Ask HN: What do you use to keep track of a backlog on solo projects? - jaredwiener
How do you keep track of a backlog&#x2F;roadmap when building something solo?  Do you find that it is even helpful to do so at all?
======
billconan
I use gitlab's issue.

yes, helpful. I need to prioritize the issues.

Sometimes I get unmotivated on my project. I found setting a concrete and
small goal and focus on the goal can help me make progress. I force myself to
check off 3 bugs on the bug board everyday.

------
stockkid
I don't think it's generally helpful to keep a backlog of something one is
building by oneself. The reason is that a solo developer is able to hold in
their short term memory what they are working on now and what needs to be done
after.

Backlog is good when multiple developers are working on a project because it
can make tasks assignable and prevent overlap of work. But in a solo endeavor,
keeping a backlog tend to become a mere formality that slows one down.

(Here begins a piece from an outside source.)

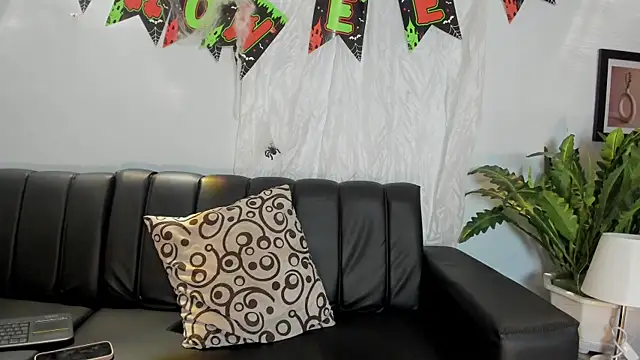 Snapshot of Mia_petite01 chatting on October 20, 12:24 am Mia petite01 online show from October 20, 12:24 am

I guess my claim depends on the complexity of the project, but I think
complexity of project that one developer can handle might be limited such that
keeping a backlog is not really worth the effort.

------
jmstfv
For short-term items, I use pen and paper.

For long-term ones, I use TODO notes scattered around my Rails codebase. I
have segmented those items into 3 categories: high, medium, and low. Whenever
I create a new TODO note, I append one of those categories to it (e.g.
TODO[low]).

Rails has a built-in command that displays all those items (`rails notes`). To
filter items by the category, I pipe the output from that command to ripgrep:

    
    
        rails  notes | rg -S low

------
codingdave
Trello. I find it quite useful, as I manage everything I need to do outside of
my job there. Home repairs, coding projects, art and photography projects, and
I keep a backlog of ideas I've had in case I even get time and energy to build
out more things.

------
bovermyer
I use Trello.

I have a public board that's a hybrid between kanban and idea board. You can
see it here:

[https://trello.com/b/J7mG9H3X/world-generator-
kanban](https://trello.com/b/J7mG9H3X/world-generator-kanban)

------
AndreFvchs
Currently I'm using a combination of Google Docs for notes and todos, Google
Notes for bookmarks/research and Google Sheets for keeping track of financing
and marketing. Easy to use and really powerful.

------
ezekg
GitHub issues.

------
jjjbokma
Pen and paper.